Punch the PAUSE: This is the state of contemporary art. In: neon, words, irony, toys, celebrity, video, self-loathing and the Chinese. Also, coils of chains on the floor. Ditto, genitalia. Titillation. Installation. Arbitration. All very Photoshoppy. Very democratic in its way. The art is aggressive, transgressive, politically dull (war, bad). But, oh my, isn't it BIG. Gotta be big. Why? Real estate, people. Second homes.
Overheard: "He's got some big walls."
Spotted: There's a guy called Earth Man walking around the fair in a space suit breathing through a hose connected to a potted plant. There's a girl in a dress made of clothespins. There's Lance Armstrong in the Florida Room.
Bubble? What bubble? The only pop here is the sound of corks from the trolling carts of Perrier Jouet champagne, $14 a flute. Question: Excuse me, ma'am, isn't the economy getting the wobblies? Does not the subprime-mortgage, tightening-capital-market, real-estate-crash thingie mean anything to these people? Next question.
What we wanted to buy at the fair: a bench made of glass, called "Chair That Disappears in the Rain," by Tokujin Yoshioka, for $280,000. A mobile of giant lava rocks by Robert Chambers for $30,000. A "400% cotton" hand-dyed T-shirt, titled "Pimp," by Dutch artist HuskMitNavn, for $60 (snagged it). And there's Ralph Provisero's "Earthramp," two yards of pounded Everglades topsoil, and it's not even for sale. It will just . . . compost.
It's a Clever Contest. It's easy to mock. But it's really -- what is the word, we have forgotten -- oh, right, it is fun. We are not too proud to say it: Art Basel is fun. After all (bummer), it's not our money. Or as New York wheeler-dealer Jeffrey Deitch nicely puts it: "Buoyant. That's the feeling I get. People really want to be here. Sales have just been fantastic and I've brought enough for three shows."

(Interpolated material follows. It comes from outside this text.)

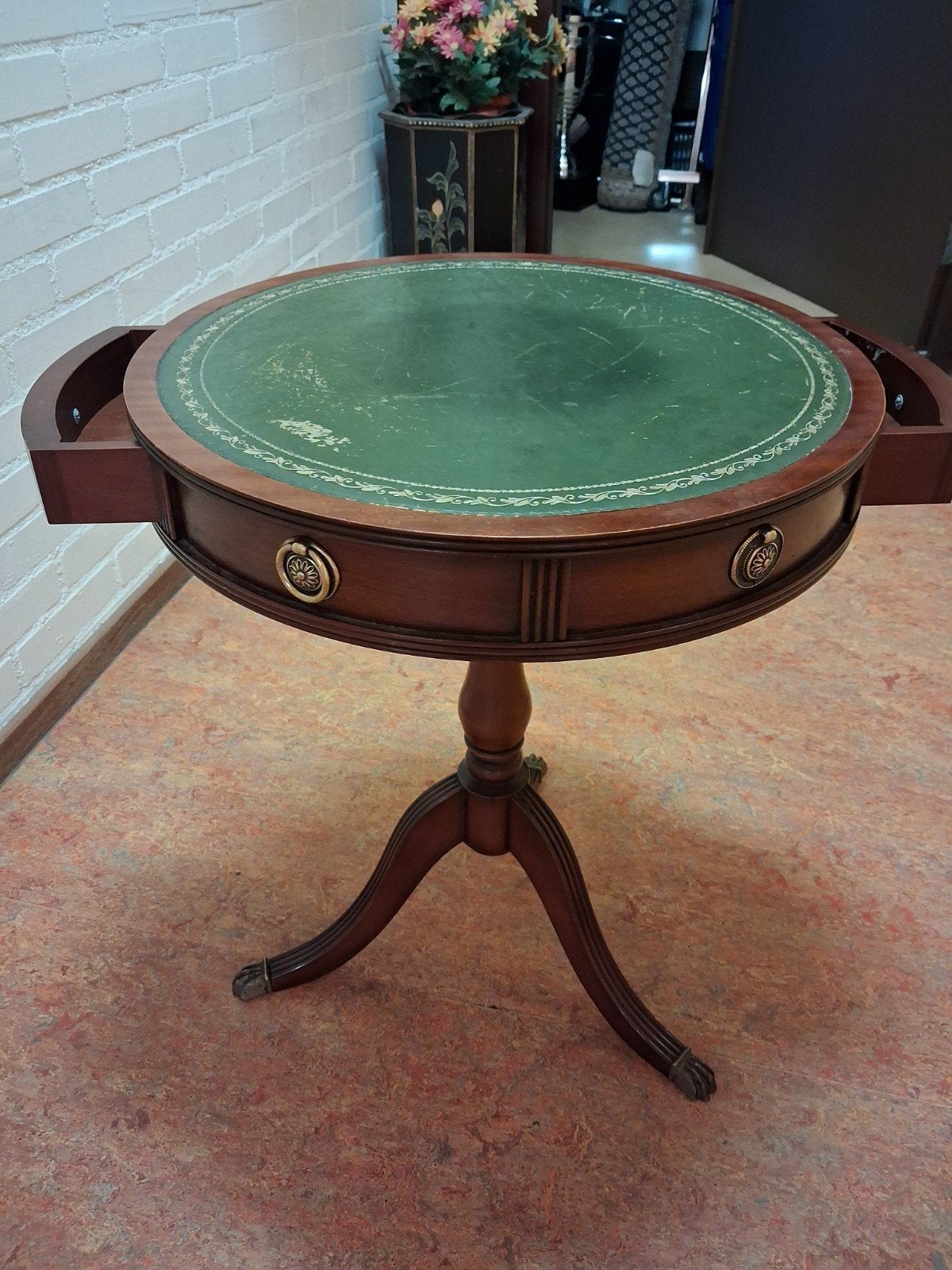 Antieke ronde bijzettafel met groen lederen blad, Ophalen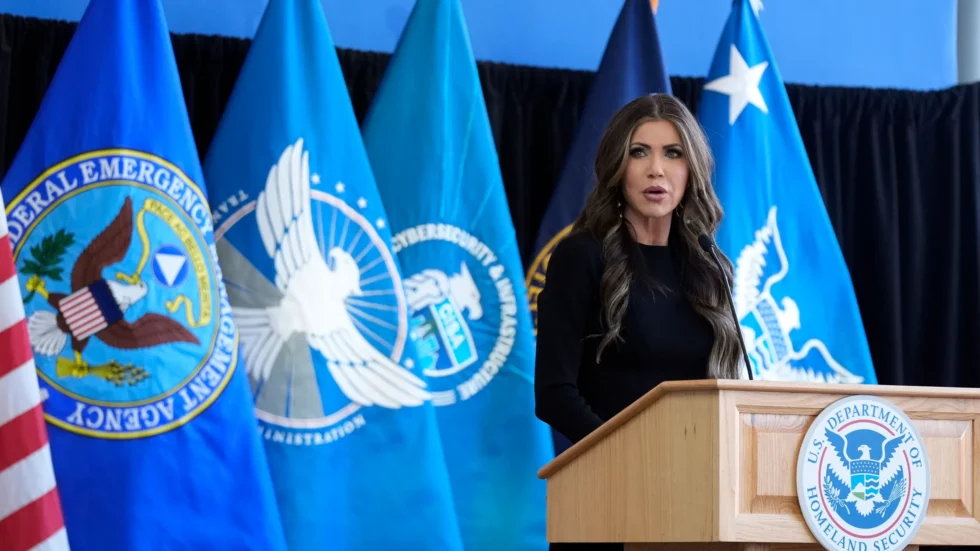 destituye a Kristi Noem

As in: "We sold so much we had to re-install."
It's like Cannes, without the burden of Quentin Tarantino. All the usual suspects: the cool hunters and perfectly accessorized gallerinas, the sheiks of Dubai and the hedge fund boys from Connecticut, the lap dogs and top dogs, the Net Jet setters (there are reportedly more private planes here than at the Super Bowl), the museum donors egged on by their curatorial shock troops, the Houston whales, serious savvy collectors, the young & fun in their little black dresses, the speculators, entire graduating classes of MFA programs, art punks cadging free drinks, assorted blood-sucking ticks, and the simply stunned.
Tom Wolfe in his cream-colored suit is here on opening day, and it's like his "Bonfire of the Vanities" New York of the go-go 1980s is back before his very eyes. "This is the end of capitalism as we know it," he tells the Art Newspaper, watching herds of millionaires "waiting for the doors to open like some half-off sale at Macy's."

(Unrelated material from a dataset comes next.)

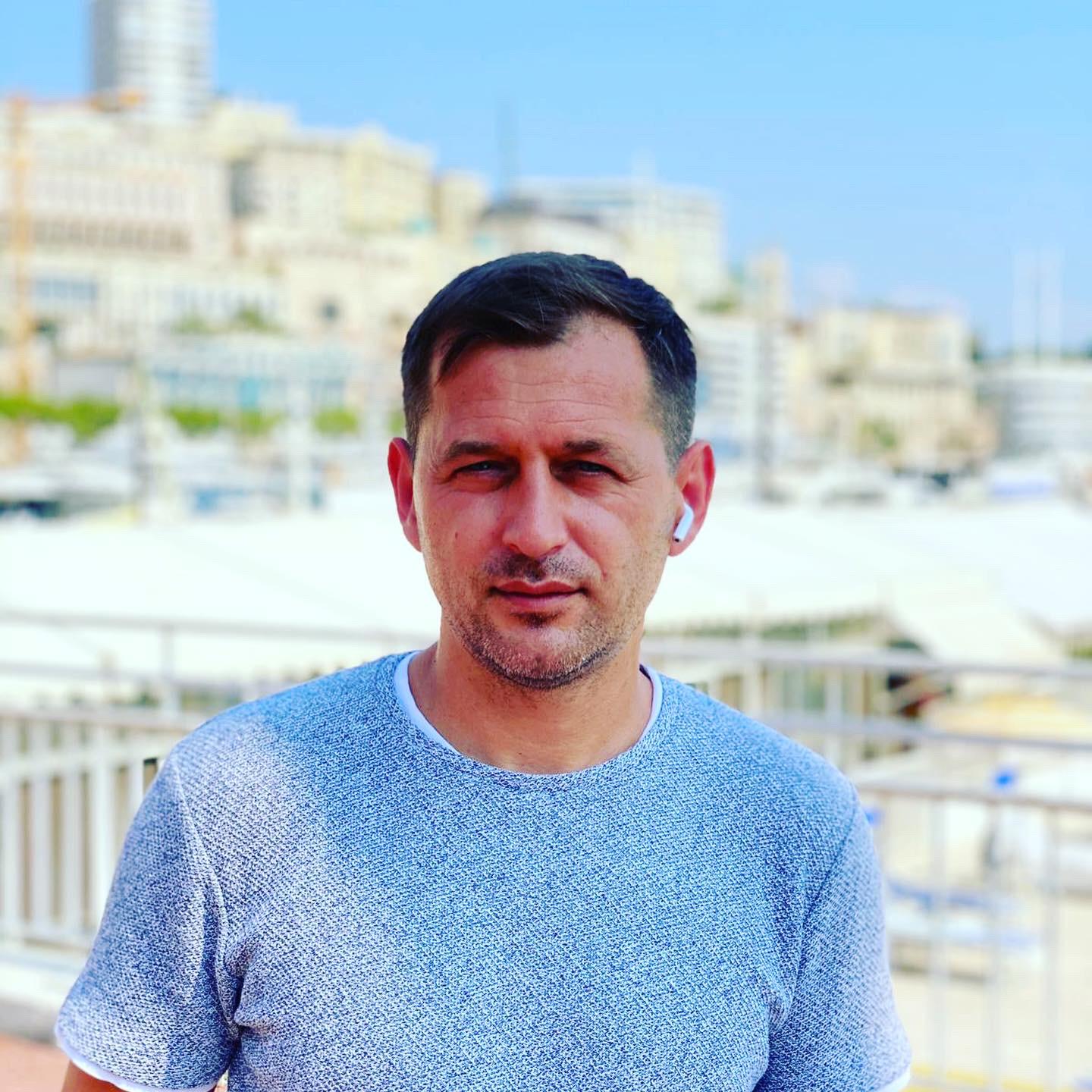 Jurnalistul Vasile Dale, ținta unei anchete abuzive. Libertatea presei, încălcată de autoritățile judiciare din Maramureș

Opening night, Art Basel: the main event, "the blue chip art," what is now referred to as "the big fair," as opposed to the 26 other fairs that have glommed onto the Art Basel juggernaut this weekend, like Pulse, Art Miami, Scope, NADA, Design Miami, Red Dot, Aipad, Aqua, and the hotel fairs where the works are hung in faintly moist guest rooms, sometimes still with the beds. The big fair takes place in the Miami Beach Convention Center, enter through Hall D. There are 200 galleries from every art capital. It is December, but there is so much spa tan that people actually give off a faint orange glow, like walking Cheetos.

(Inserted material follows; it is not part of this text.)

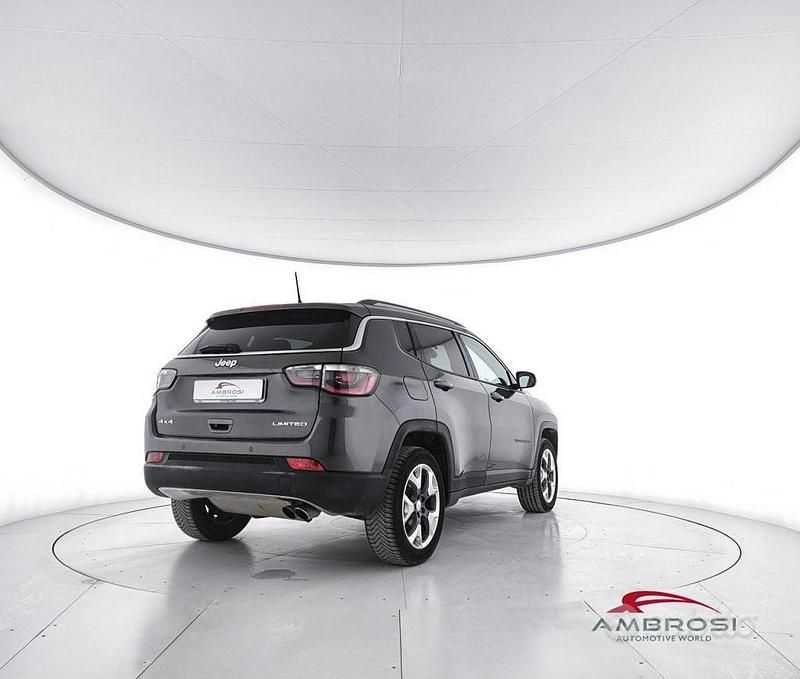 Usata Jeep Compass Limited 140 CV (102 kW) 2018 Grigio SUV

Couples stroll, speaking Spanish, Mandarin, Farsi, French. Oh, my fellow Americans, the euro, she is the cruelest currency. (Why is it called Art Basel? After the town in Switzerland where the original, more stodgy affair is held each year.) For the price of a $30 ticket, what can you see? How about a woman with a swan? A tricycle covered in jewels? A reproduction of a Shanghai market selling empty bags and bottles of American pops, chips, cookies. And we weren't kidding: Size matters. Check out a sequined banner by Frances Goodman proclaiming "The Bigger the Better," which sold, immediately, for $5,500.